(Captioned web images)
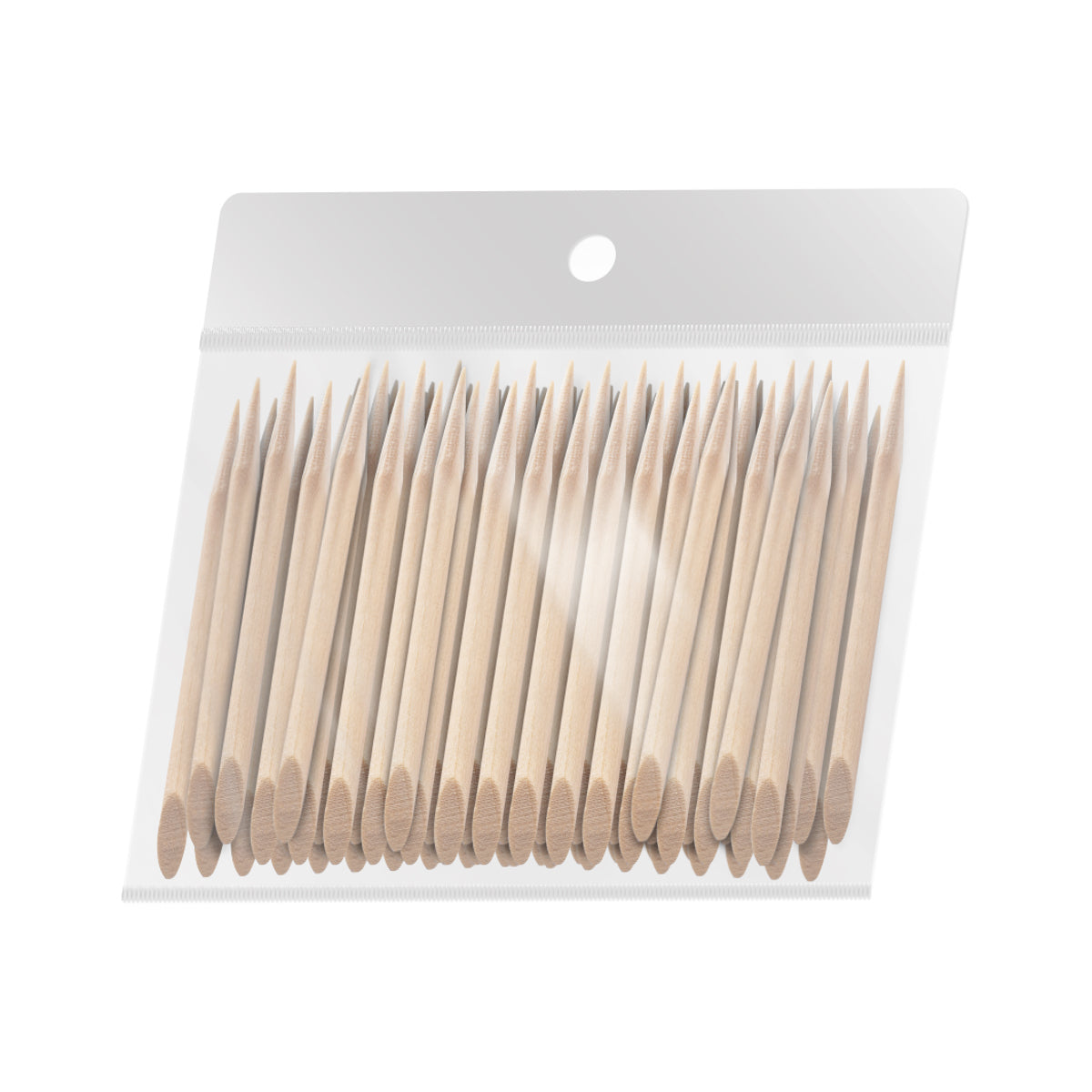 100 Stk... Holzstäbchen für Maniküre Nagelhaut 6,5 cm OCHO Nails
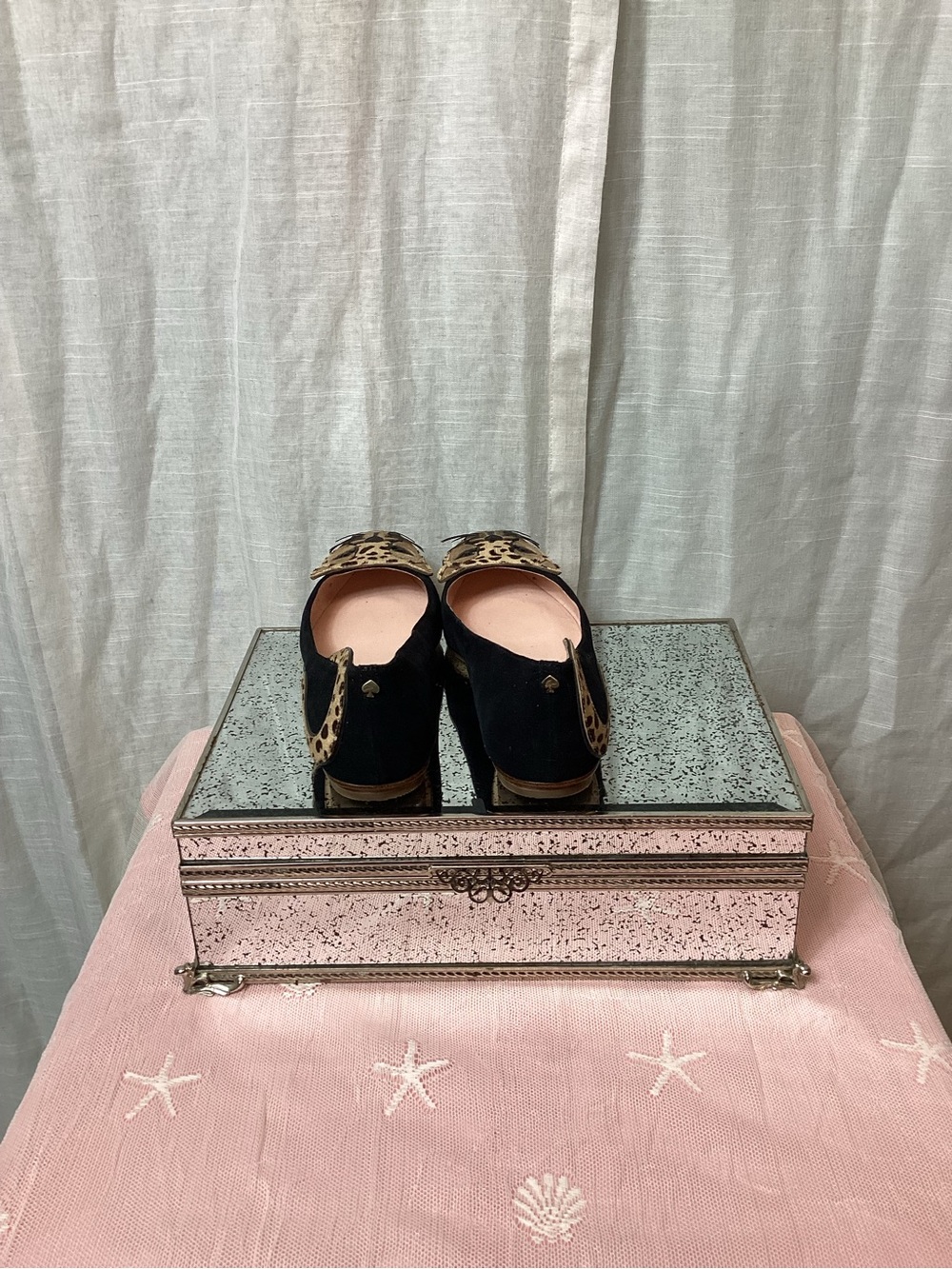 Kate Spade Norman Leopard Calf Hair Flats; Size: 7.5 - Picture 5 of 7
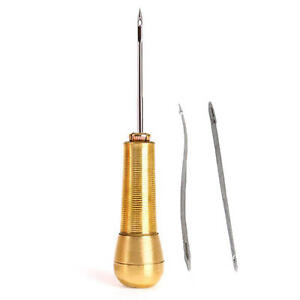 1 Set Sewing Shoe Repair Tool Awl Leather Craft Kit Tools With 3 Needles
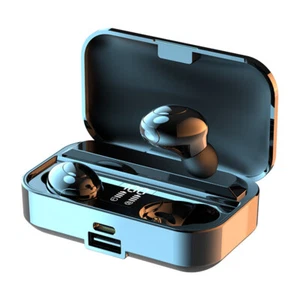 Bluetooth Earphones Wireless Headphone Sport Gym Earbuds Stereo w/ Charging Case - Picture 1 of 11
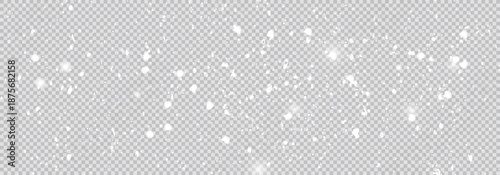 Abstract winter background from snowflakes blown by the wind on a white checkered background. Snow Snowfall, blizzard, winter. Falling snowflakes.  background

• [EXERCISE DESCRIPTION]: Retype every entry verbatim and exclude the pictures from the copy.

• [OUTPUT]:
 100 Stk... Holzstäbchen für Maniküre Nagelhaut 6,5 cm OCHO Nails
 Kate Spade Norman Leopard Calf Hair Flats; Size: 7.5 - Picture 5 of 7
 1 Set Sewing Shoe Repair Tool Awl Leather Craft Kit Tools With 3 Needles
 Bluetooth Earphones Wireless Headphone Sport Gym Earbuds Stereo w/ Charging Case - Picture 1 of 11
 Abstract winter background from snowflakes blown by the wind on a white checkered background. Snow Snowfall, blizzard, winter. Falling snowflakes.  background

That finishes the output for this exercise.